Weak dollar, cheap oil expected to boost farm income

© AgMedia Inc.


That the value of Canadian farm assets, particularly land, is rising faster than farm debt absolutely does NOT indicate a healthy farm economy because the value of farm land is increasing mostly because of stratospheric price/earnings multiples - a factor this report seems to have ignored and which therefore renders the conclusions of this report effectively meaningless.

More to the point, it is, I suggest, unethical and misleading for the authors of this report to not explore or even mention the "bubble" factor affecting farm land valuations.

I also suggest they didn't explore it, partly because it's not likely that anyone at Ag Canada knows anything about business and/or investment valuation, but more likely because they people paying the bills, the feds, want to make farming look so rosy that they can cut back farm assistance programs yet again.
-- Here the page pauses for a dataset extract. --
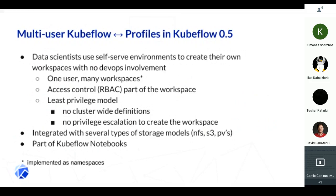This led to a least privilege model where no cluster-wide definitions were needed and no privilege escalation through admin authority to create the workspace. Basically, from the very beginning, once the pieces are in place, the user is able to just send a request, create their own namespace, and set their Kubernetes config. From that point on, they're in business. This also supports putting isolation and security wrapping around different storage models like NFS and S3. As of now, it's integrated into Kubeflow notebooks.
Stephen Thompson, Clinton ON

Quoted from the print edition of BF August 15, by Mr. Barry Wilson
"Debt levels and servicing costs can only go in one direction-up.
Rising asset values are not a hedge against higher debt except at time of asset sale. Debt is serviced by fluctuating cash flow, not asset worth.
When the next income downturn arrives, producers will quickly realize that changes made to safety net programs in the 2013 iteration of the Growing Forward policy framework have sharply reduced their protection when prices and incomes go south."

Raube Beuerman

For AAFC to claim Canadian agriculture is "healthy" even though land prices are in a price/earnings bubble, would normally be called "making a material misrepresentation" because no business or industry in a price/earnings bubble can ever be healthy.

More to the point, if:

(A) $35 billion of unearned and undeserved quota values were taken off the balance sheet of Canadian agriculture because it's really consumer equity transferred, against their will, from one group in society to another.
(B) farm income was to be revised to show farm incomes based on world prices, instead of artificial prices, for dairy and poultry products:
(C) instead of valuing farmland at its present "bubble" factor of anywhere up to 50 times earnings, it was to be valued at a far-more realistic and sustainable 15 times earnings, including earnings for dairy and poultry farms based on world pricing.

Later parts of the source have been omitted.